● **EXERCISE BRIEF**
An exact copy of all the entries below is what this task needs.

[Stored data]

———

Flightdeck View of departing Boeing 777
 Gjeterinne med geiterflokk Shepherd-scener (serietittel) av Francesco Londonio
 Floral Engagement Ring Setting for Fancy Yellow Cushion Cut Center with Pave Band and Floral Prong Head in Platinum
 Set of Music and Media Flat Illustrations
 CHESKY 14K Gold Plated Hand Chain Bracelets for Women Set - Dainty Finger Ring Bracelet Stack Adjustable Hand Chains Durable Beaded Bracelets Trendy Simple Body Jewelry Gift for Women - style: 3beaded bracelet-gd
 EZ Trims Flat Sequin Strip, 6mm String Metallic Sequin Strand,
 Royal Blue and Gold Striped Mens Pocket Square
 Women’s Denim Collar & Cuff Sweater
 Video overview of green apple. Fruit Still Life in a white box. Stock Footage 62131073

———

● **SOLUTION FOR THIS PROBLEM**
Flightdeck View of departing Boeing 777
 Gjeterinne med geiterflokk Shepherd-scener (serietittel) av Francesco Londonio
 Floral Engagement Ring Setting for Fancy Yellow Cushion Cut Center with Pave Band and Floral Prong Head in Platinum
 Set of Music and Media Flat Illustrations
 CHESKY 14K Gold Plated Hand Chain Bracelets for Women Set - Dainty Finger Ring Bracelet Stack Adjustable Hand Chains Durable Beaded Bracelets Trendy Simple Body Jewelry Gift for Women - style: 3beaded bracelet-gd
 EZ Trims Flat Sequin Strip, 6mm String Metallic Sequin Strand,
 Royal Blue and Gold Striped Mens Pocket Square
 Women’s Denim Collar & Cuff Sweater
 Video overview of green apple. Fruit Still Life in a white box. Stock Footage 62131073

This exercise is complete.